Just-in-Time-Zugriff – Effizienz, Sicherheit und Zukunft im IAM-Umfeld
Der Just-in-Time-Access ist ein zentrales Konzept moderner Sicherheitsarchitekturen im Privileged Access Management (PAM) und im Identity and Access Management (IAM). Das Ziel ist es, die Zugänge für die Zugriffe nicht dauerhaft, sondern nur für den Moment bereitzustellen, in dem sie tatsächlich gebraucht werden. Dabei wird zwischen human identities, also klassischen Benutzerkonten, und non human identities, etwa Maschinenkonten, APIs oder Bots, unterschieden.
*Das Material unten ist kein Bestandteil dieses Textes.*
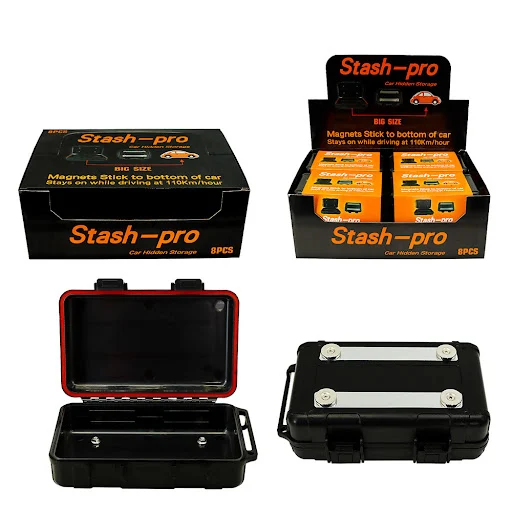 Title 4, Car Plastic Cigarette Storage Box with Shock Ab...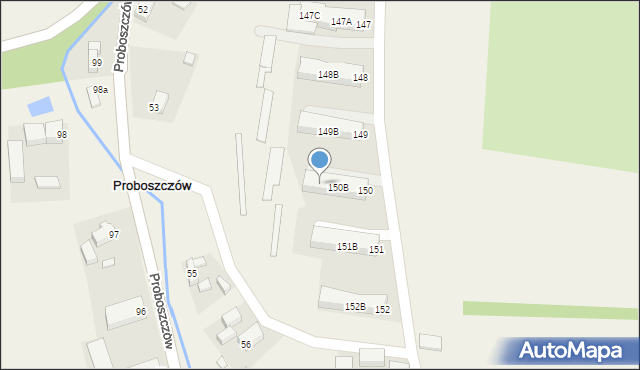 Proboszczów, Proboszczów, 150C, mapa Proboszczów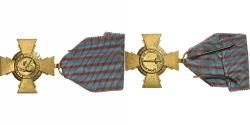World Coins - France, Croix du Combattant, WAR, Medal, Very Good Quality, Bronze, 36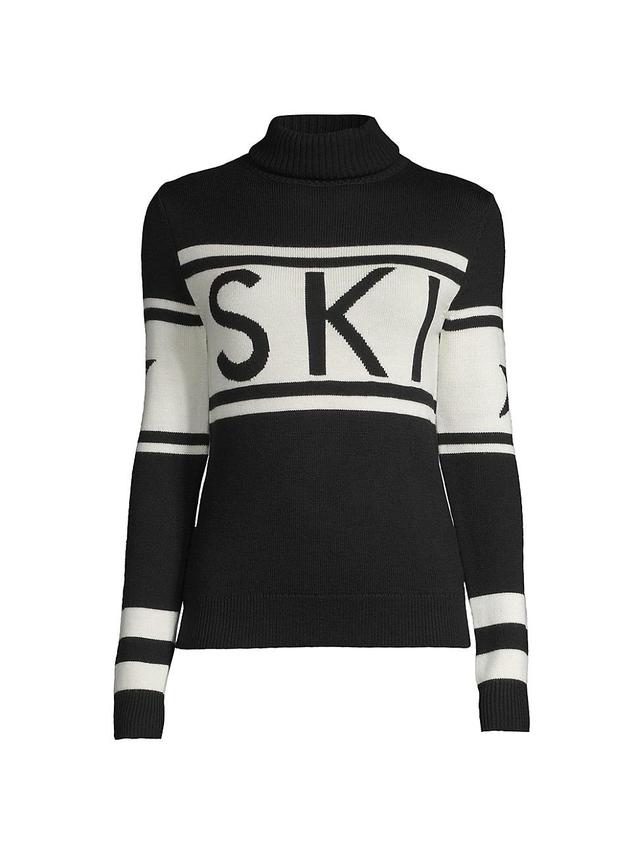 Womens Ski Wool Turtleneck Sweater Product Image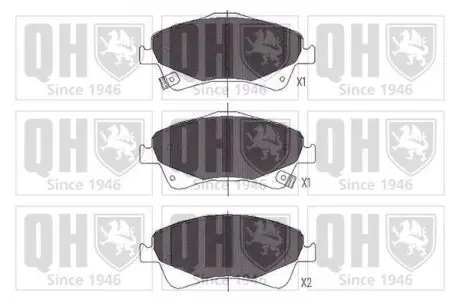 Тормозные колодки дисковые QUINTON HAZELL BP1679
Diese Differenzierung ist entscheidend, denn in modernen IT-Landschaften agieren längst nicht mehr nur Menschen, sondern auch automatisierte Systeme mit Zugriff auf sensible Ressourcen. Gerade Letztere und administrative Zugriffe profitieren von nicht ständig aber selten genutzten Benutzerkonten auf den verschiedenen Systemen und Applikationen.
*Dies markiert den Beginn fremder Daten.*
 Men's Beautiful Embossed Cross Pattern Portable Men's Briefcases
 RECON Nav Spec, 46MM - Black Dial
Der Gedanke hinter Just-in-Time-Zugriff ist einfach, aber wirkungsvoll: Zugänge werden dynamisch vergeben, zeitlich begrenzt und nach Ende der Nutzung automatisch entzogen. Das verringert Risiken erheblich, weil es kaum noch überflüssige oder verwaiste Berechtigungen gibt. Gleichzeitig fügt sich das Prinzip nahtlos in Zero Trust-Architekturen ein, die darauf basieren, jedem Zugriff grundsätzlich zu misstrauen, bis seine Berechtigung nachgewiesen ist.
Warum Just-in-Time Access an Bedeutung gewinnt
In vielen Unternehmen hat sich über Jahre ein gefährlicher Zustand eingeschlichen: Mitarbeitende und externe Dienstleister verfügen über mehr Rechte, als sie benötigen. Dieses Phänomen, bekannt als Privilege Creep, erhöht das Risiko von Datenverlust, Missbrauch und Angriffen erheblich. Einmal erstellte Benutzerkonten und Berechtigungen bleiben bestehen, auch wenn die Aufgaben längst wechseln.
Hier setzt Just-in-Time-Zugriff an. Statt dauerhaftem Zugang werden Berechtigungen nur noch temporär gewährt. Das reduziert die Angriffsfläche dramatisch und ermöglicht eine Sicherheitsarchitektur, die auf Least Privileged Access basiert – also dem Prinzip, dass jeder nur die Rechte erhält, die er tatsächlich benötigt. Zusätzlich zum PAM Bereich kann es, wenn auch nur teilweise, auch für Privileged Identity Management (PIM) eingesetzt werden. PIM geht vom Grundsatz von persönlichen und persistenten Identitäten und Accounts aus, weshalb JITA in diesem Kontext hauptsächlich bei der Just-In-Time Zuweisung von spezifischen Berechtigungen zum Tragen kommt.
Ein weiterer Aspekt betrifft die Kosten. Dauerhafte Administratorrechte bedeuten oft auch Lizenzkosten, die sich summieren. Mit einem intelligenten JIT-Modell lassen sich diese Lizenzkosten sparen, da Lizenzen nur dann aktiviert werden, wenn sie gebraucht werden. Gleichzeitig sinkt der Aufwand für Rezertifizierungen, weil weniger Benutzerkonten und Berechtigungen existieren, die geprüft werden müssen.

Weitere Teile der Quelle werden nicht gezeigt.